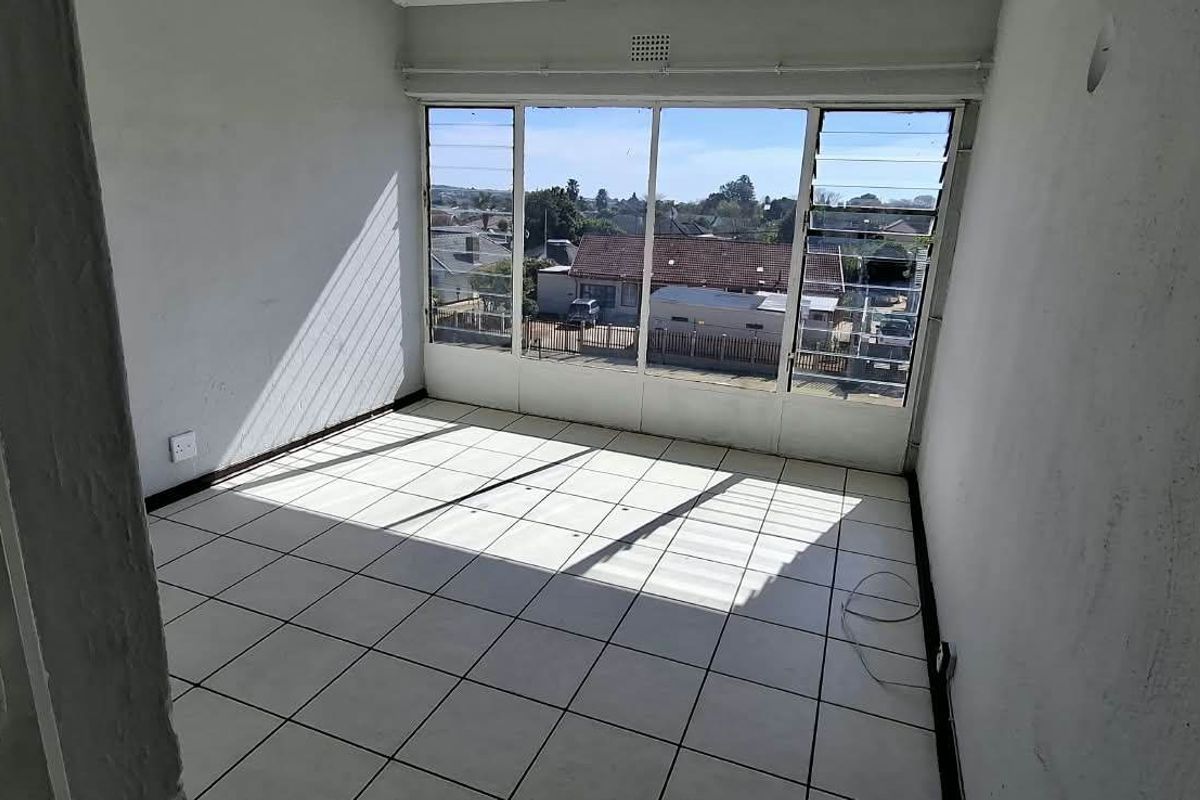 An empty bedroom featuring tiled flooring and large windows with natural light, offering a clear view of the surrounding neighborhood.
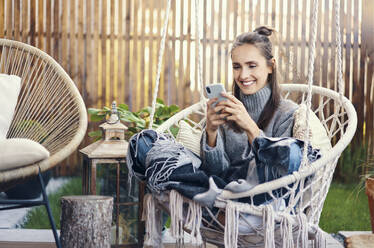 Lächelnde schöne Frau, die ein Smartphone benutzt, während sie sich auf einer Schaukel im Garten entspannt - BSZF01561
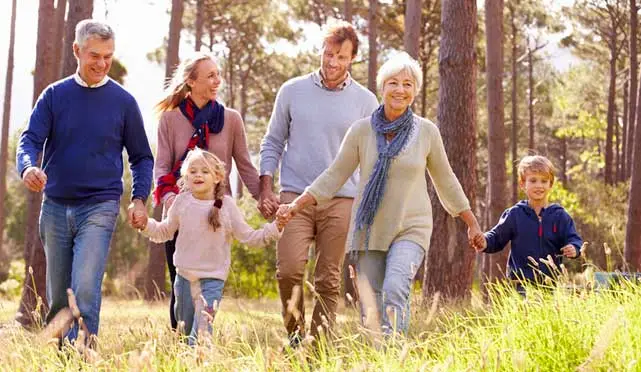 family walking in the woods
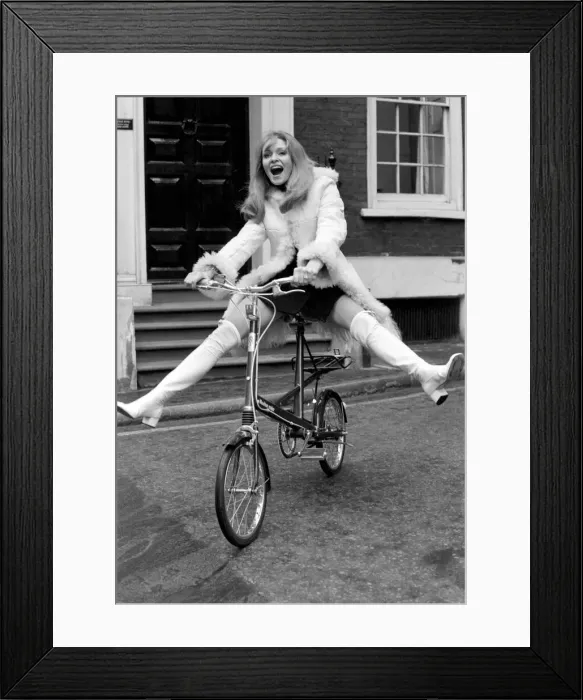 Framed Print : Model Blanche Webb wearing a fur jacket, riding a bicycle. November 1969 Z11350-015 Framed Print : Model Blanche Webb wearing a fur jacket, riding a bicycle. November 1969 Z11350-015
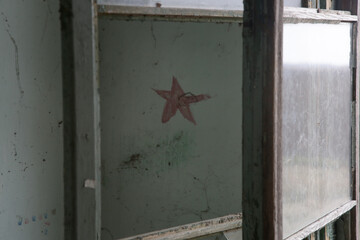 Red star as a symbol of communism on the wall in the demolished abandoned building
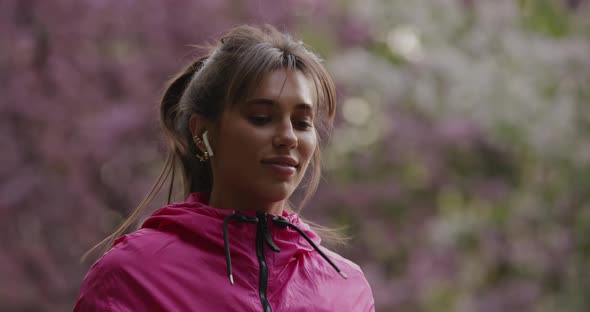 Pretty Sporty Woman Jumping Rope in the Park Slow Motion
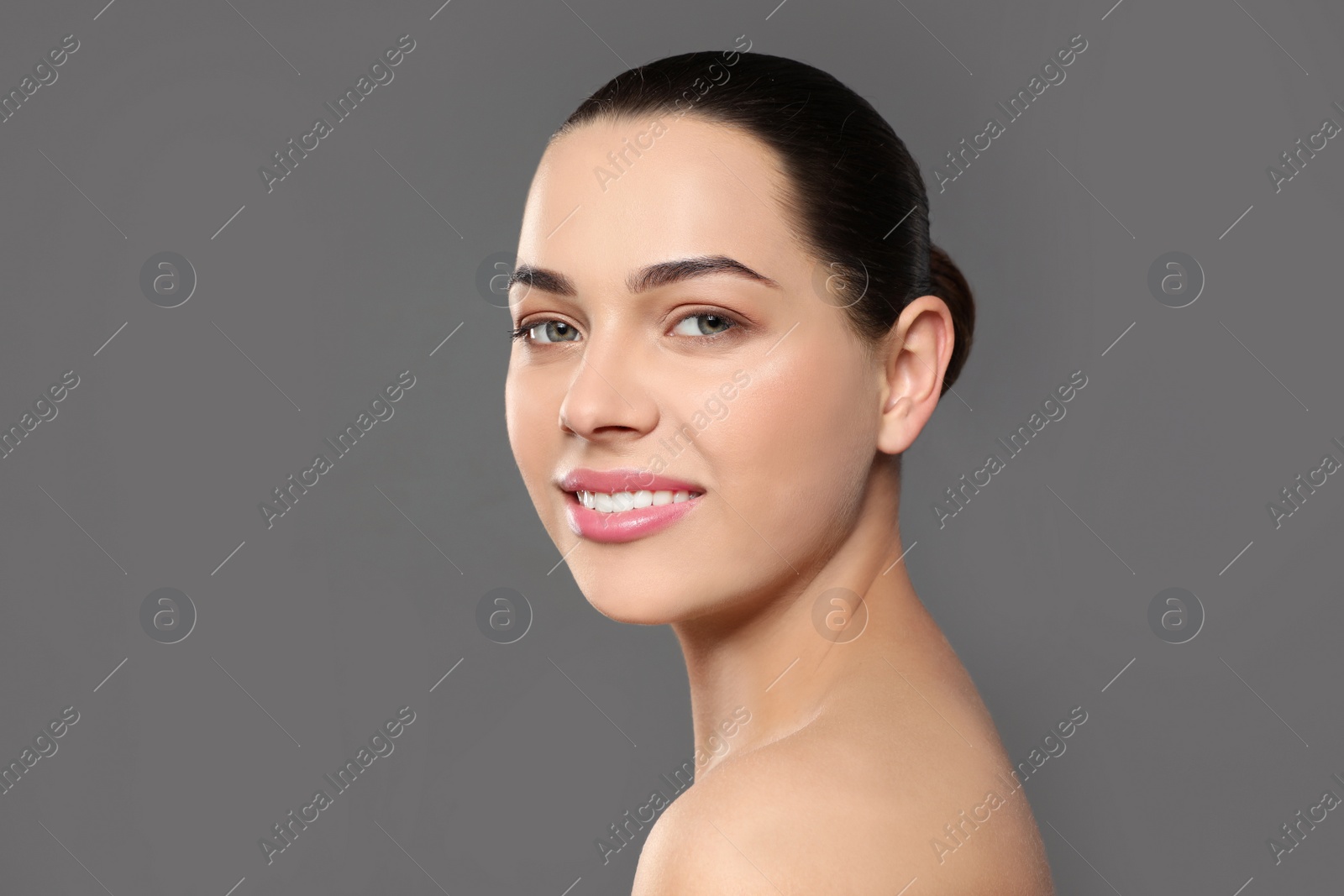 Photo of Portrait of young woman with beautiful face and natural makeup on color background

■ ■ ■ ■ ■ ■ ■

◆ Work to be completed
Transcribe all records verbatim and omit each image.

◆ Answer space
 An empty bedroom featuring tiled flooring and large windows with natural light, offering a clear view of the surrounding neighborhood.
 Lächelnde schöne Frau, die ein Smartphone benutzt, während sie sich auf einer Schaukel im Garten entspannt - BSZF01561
 family walking in the woods
 Framed Print : Model Blanche Webb wearing a fur jacket, riding a bicycle. November 1969 Z11350-015 Framed Print : Model Blanche Webb wearing a fur jacket, riding a bicycle. November 1969 Z11350-015
 Red star as a symbol of communism on the wall in the demolished abandoned building
 Pretty Sporty Woman Jumping Rope in the Park Slow Motion
 Photo of Portrait of young woman with beautiful face and natural makeup on color background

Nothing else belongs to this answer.